I am trying to estimate probabilities of a rare event, say presence of mutated species in a couple of hundred different units of varying population. I need to calculate probabilities of mutation for all units. So if there is a unit with 1000 species where there are 4 mutated individuals, then my probability of presence of mutated species is 4/1000=1/250. But since my event is rare that most of the units would have probability zero. Which does tell me something (it's unlikely) - but really are these zeros equal or can I extract some additional information to distinguish between units?
Consider 2 units - A and B. In A there are 100000 species and no mutants, in B 1000 species and no mutants. My hunch is that in fact one can say that probability of mutation is less likely in A - after all there are more potential mutants there than in B.
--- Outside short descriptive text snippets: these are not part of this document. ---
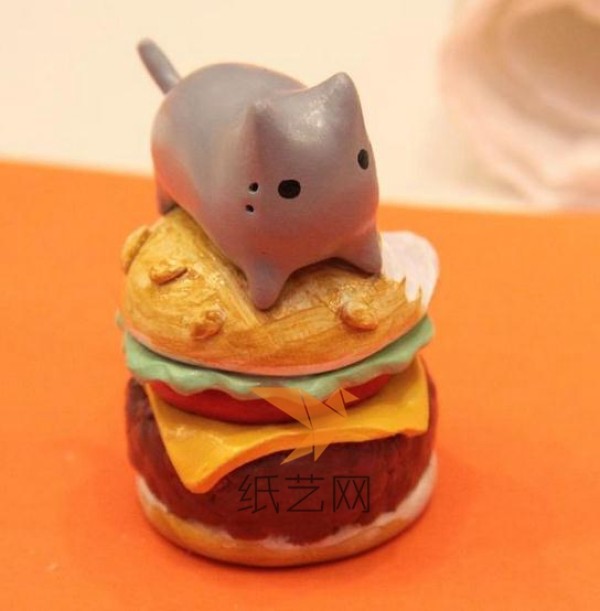 Cute Super Light Clay Hamburger Kitten Tutorial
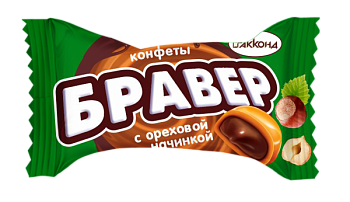 АККОНД Конфеты БРАВЕР с ореховой начинкой фас.1кг пакет 1*6
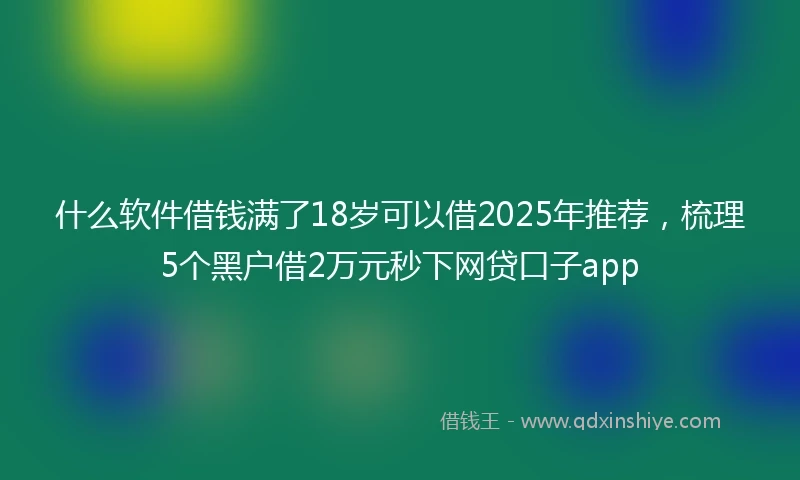 什么软件借钱满了18岁可以借2025年推荐，梳理5个黑户借2万元秒下网贷口子app
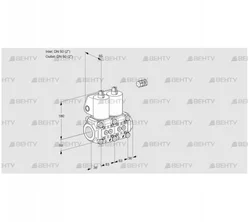 VCS3E50R/50R05NNWL/PPPP/PPPP (88100228) Сдвоенный газовый клапан Kromschroder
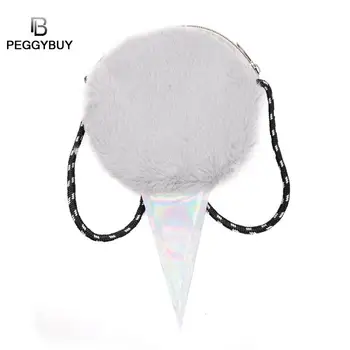 

New Zipper Mini Coin Bag Plush Small Change Bag Ice Cream Shape Bag Women Girls Shoulder Messenger Plush Zip Small Bags
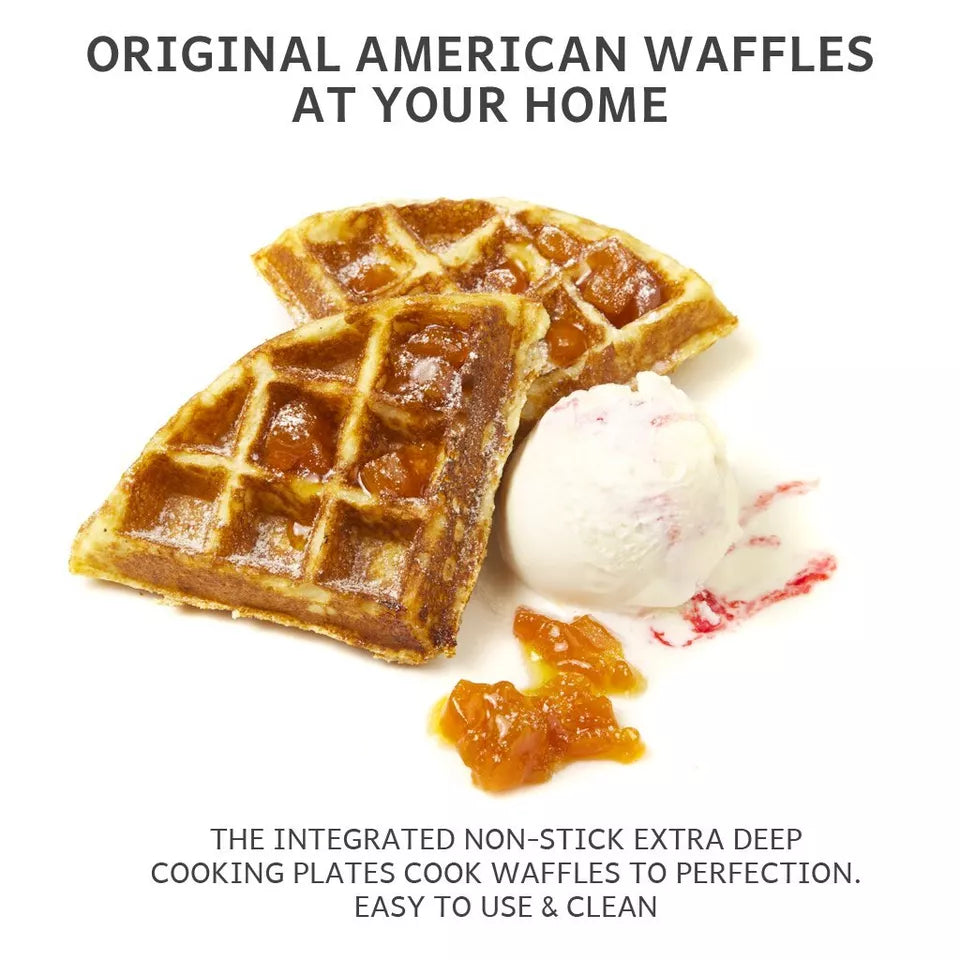 Kalsten | Deep-Fill Waffle Maker | Non-Stick, Adjustable Temperature & Compact Design for Homemade Belgian Waffles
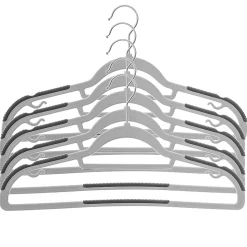 KADAX Cintre avec Surface Antidérapante pour Vêtements Gris 5 pcs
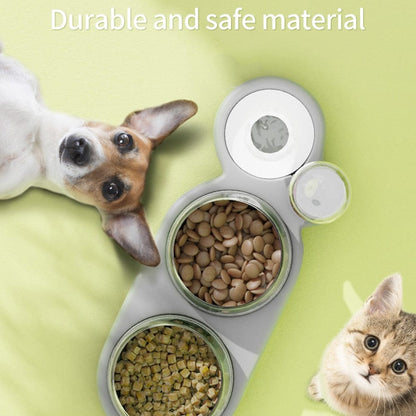 Easy to assemble 3-in-1 pet feeder with storage box

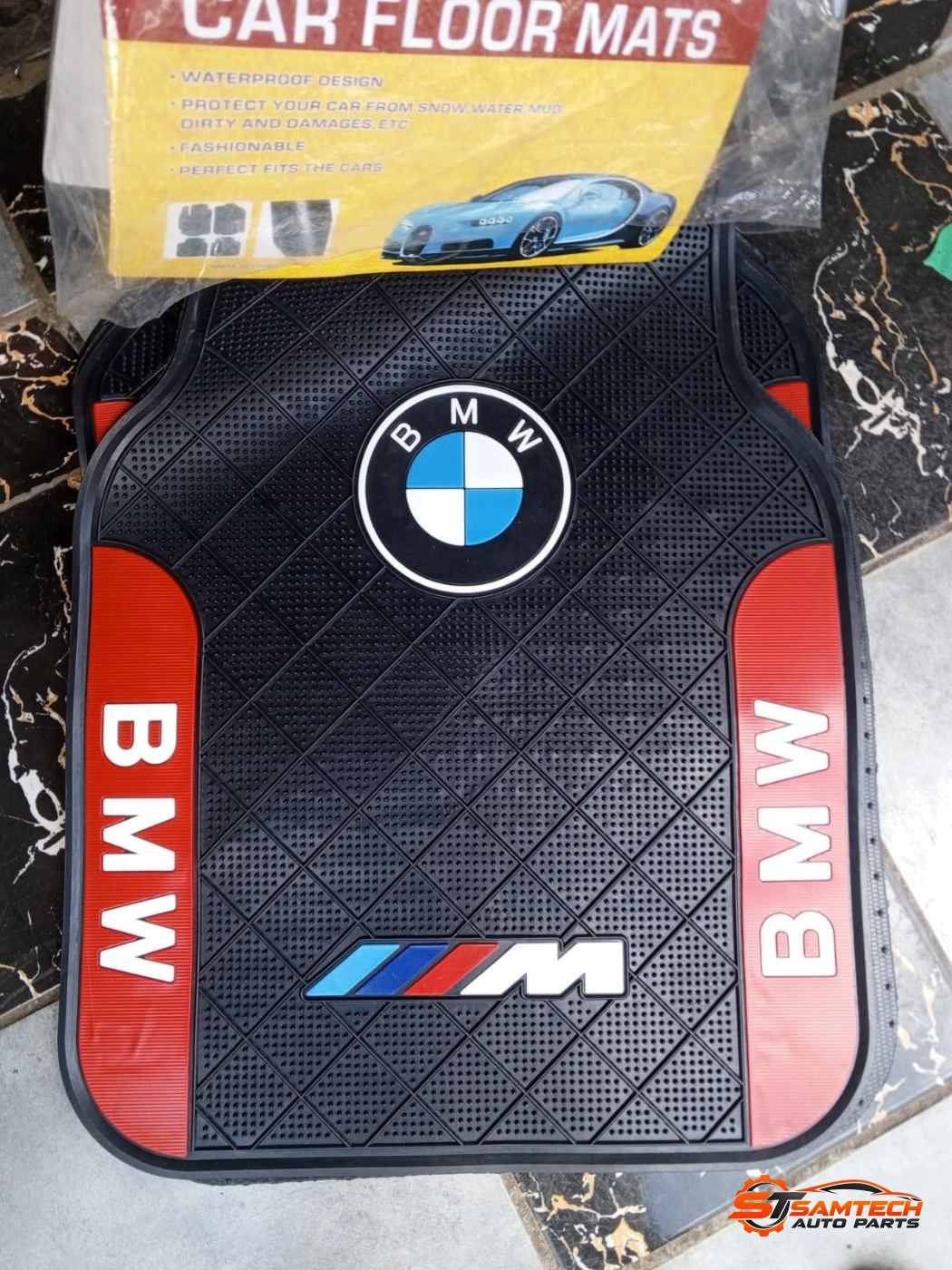 BMW Branded Plain Black Car Floor Mats - 5-Piece Set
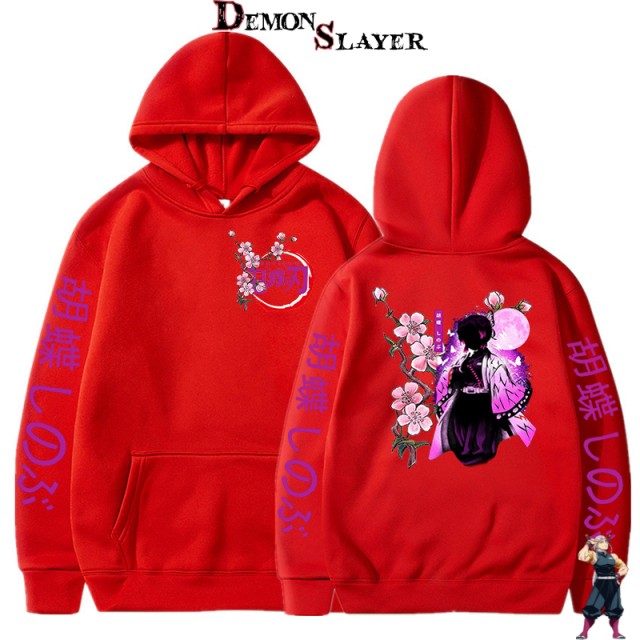 Sweat rouge Demon Slayer Shinobu Kocho avec fleur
How to approach it? My idea is that maybe I could put boundaries somehow. Let's imagine that the next species present in the unit is a mutant. In A_1 we'd have 100001 species, one of which is a mutant and in B_1 we'd have 1001 species, one of which mutanted. So the new probabilities are
P(mutation in A_1)=1/100001
P(mutation in B_1)=1/1001
Is that a reasonable approach? So could I say that the probability is not larger than 1/100001 in A and not larger than 1/1001 in B? Let's take some arbitrary point, say half between zero and the upper boundary and say that out probabilities are 1/200002 and 1/2001 respectively. Or would it make sense to include some other measure?
This sounds like a problem that has been encountered many times before, I'd very much appreciate any hints!